No Estadão, o cientista Fernando Reinach apresentou uma solução científica para a questão do aborto, que pode ser lógica, mas que ainda condiciona a mulher a ditames estranhos a seu corpo e a sua decisão única de continuar ou não uma gravidez (“Vamos mudar a lei do aborto, mas para melhor”, 28/6).
Além disso, o parâmetro da idade gestacional em semanas usado para fixar o prazo de 12, 22 ou 26 semanas, conforme o critério, não leva em consideração que muitas mulheres – especialmente as meninas vítimas de estupro – não têm ciclo menstrual regular ou nem saibam quando foi a última menstruação, data a partir da qual são calculadas as semanas gestacionais. Mantendo a lei como está, ainda assim o estuprador não tem responsabilidades para com a criança que venha a nascer, caso essa seja a decisão da vítima ou, mudando a lei, que seja obrigada a dar à luz por ter passado o prazo legal.
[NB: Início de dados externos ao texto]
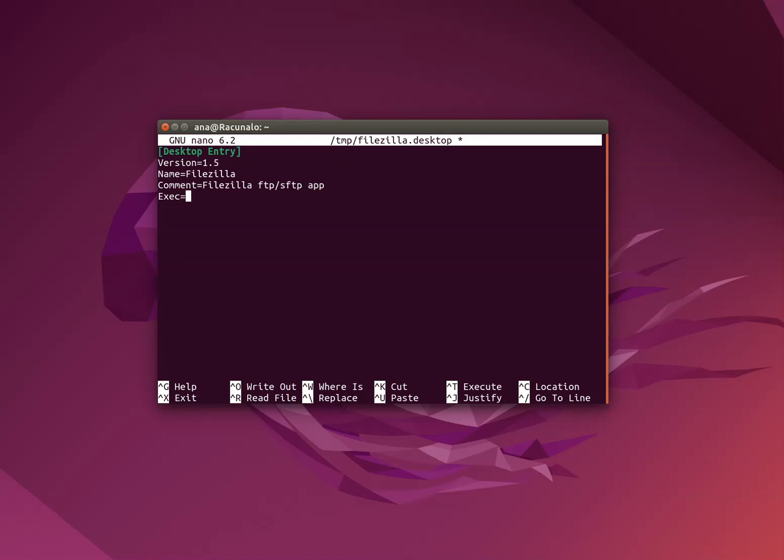Execution will be the path to executable and icon should be path to icon. This is not a terminal application. Type is application. Another two types that are supported are link and directory.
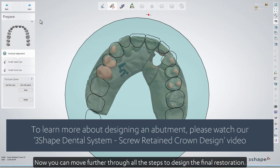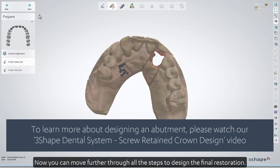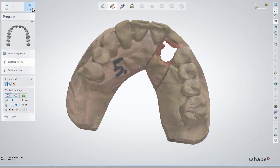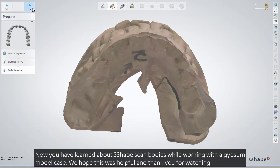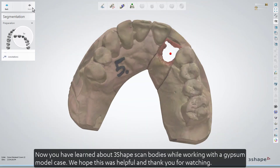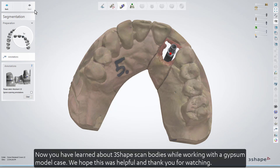Now you can move further through all the steps to design the final restoration. Now you've learned about 3-shape scan bodies while working with a gypsum model case. We hope this was helpful, and thank you for watching. We'll see you next time.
No meu entender, toda forma de criminalizar o aborto deveria ser suprimida do ordenamento legal e veríamos ao longo do tempo se haveria corrida desenfreada à prática ou se ela se acomodaria em patamares razoáveis, tal como acontece no resto do mundo em que o aborto não é crime. Porém, enquanto predominar o preceito judaico-cristão no Parlamento, pouco se evoluirá na questão, com os evidentes e iminentes riscos de retrocesso. A fé ocupa espaço desproporcional no ordenamento jurídico, ainda mais que estamos em um estado laico.
Quando vozes com lugares de fala religiosos se pronunciam, precisamos ouvi-las para saber se estão falando de um púlpito apenas para fiéis, ou de uma bancada para a sociedade. Assim, ainda que não compartilhemos a mesma fé, concordo com tudo o que Frei Betto escreveu em seu claro e preciso artigo “Querem abortar o aborto” na Folha de S. Paulo (2/7). Ao contrário de dogmas divinos, os crimes contra a mulher são realidade, mas o Parlamento – novamente ele – prefere discutir a melhor forma de ter acesso a orçamento secreto do que legislar a saúde social.
Adilson Roberto Gonçalves, pesquisador em Campinas-SP
* Este é um artigo de opinião, de responsabilidade do autor, e não reflete a opinião do Brasil 247.